The destruction of forests increases atmospheric carbon because trees store carbon in wood, leaves, roots, and soil. When forests are burned, cut, or left to decay, much of that stored carbon returns to the atmosphere as carbon dioxide. Deforestation also removes trees that would otherwise absorb carbon dioxide through photosynthesis.

Deforestation affects atmospheric carbon twice: it releases stored carbon and reduces future carbon absorption.

Forests Store Carbon

Trees absorb carbon dioxide from the air during photosynthesis. They use carbon to build trunks, branches, leaves, roots, and other plant tissue.

Forests also store carbon in soil. Dead leaves, roots, fallen branches, and organic matter can become part of the forest floor and soil carbon pool.

This is why forests are often called carbon sinks. They take in more carbon than they release when they are healthy and growing.

Burning Forests Releases Carbon Quickly

When forests are burned for agriculture, settlement, logging, or accidental wildfire, carbon stored in trees is released quickly as carbon dioxide.

Burning can also release other gases and particles that affect air quality. But for climate, the main issue is that carbon that took years or centuries to store can return to the atmosphere in a short time.

This rapid release increases the amount of heat-trapping carbon dioxide in the atmosphere.

Cutting Forests Can Also Release Carbon

Even when trees are not burned, cutting forests can release carbon. If wood is left to rot, decomposers break it down and carbon returns to the air. If soil is disturbed, stored soil carbon may also be released.

Some harvested wood becomes long-lasting products, such as furniture or building materials, which can store carbon for longer. But much deforestation leads to short-lived products, waste, burning, or decay.

The overall result often increases atmospheric carbon.

Fewer Trees Means Less Carbon Absorption

The second effect is just as important. When a forest is destroyed, there are fewer trees left to remove carbon dioxide from the air.

A cleared area may become a road, city, pasture, or crop field. Some of those land uses store far less carbon than a forest and absorb less carbon over time.

This means deforestation creates both an immediate carbon release and a long-term reduction in carbon uptake.

Soil Carbon Can Be Lost

Forests do not store carbon only above ground. Soil can hold large amounts of carbon. When forests are cleared, soil may be exposed to sunlight, erosion, drainage, and disturbance.

That disturbance can speed up decomposition and release carbon dioxide. In some wetland or peat forest areas, drainage and burning can release especially large amounts of carbon.

Protecting soil is therefore part of protecting the carbon cycle.

Why Replanting Helps but Does Not Instantly Fix It

Reforestation can help absorb carbon, restore habitat, reduce erosion, and improve water cycles. However, new trees take time to grow.

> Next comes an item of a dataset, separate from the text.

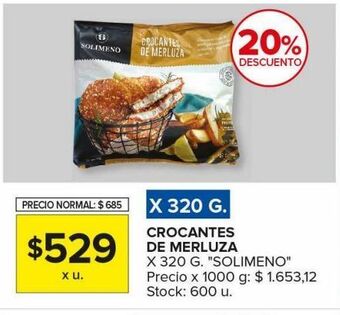 Carrefour Maxi Crocantes de merluza solimeno x 320g oferta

A young forest cannot immediately replace the carbon storage of an old forest. Mature forests may contain decades or centuries of accumulated carbon.

This is why preventing forest destruction is often more effective than relying only on replanting afterward.

How Forest Loss Connects to Climate Change

Carbon dioxide is a greenhouse gas. Higher atmospheric carbon dioxide traps more heat in Earth’s climate system.

Deforestation contributes to climate change by adding carbon dioxide and weakening one of the natural systems that removes it. NASA and other climate agencies describe forests as an important part of the global carbon cycle because they exchange carbon with the atmosphere.

The exact impact depends on forest type, land use after clearing, fire, soil, and whether regrowth occurs.

What Can Reduce the Impact

Protecting existing forests is one major step. Sustainable forestry, reduced illegal logging, wildfire management, agroforestry, restoration, and better land-use planning can also help.

Consumers and businesses can support products that reduce pressure on forests, though large-scale policy and enforcement are also important.

Climate solutions work best when forest protection is combined with reducing fossil fuel emissions.

Key Takeaway

The destruction of forests raises atmospheric carbon by releasing carbon stored in trees and soil and by removing trees that would absorb carbon dioxide in the future.

Forests are not just scenery. They are active parts of the carbon cycle, and destroying them makes it harder for the planet to balance carbon in the atmosphere.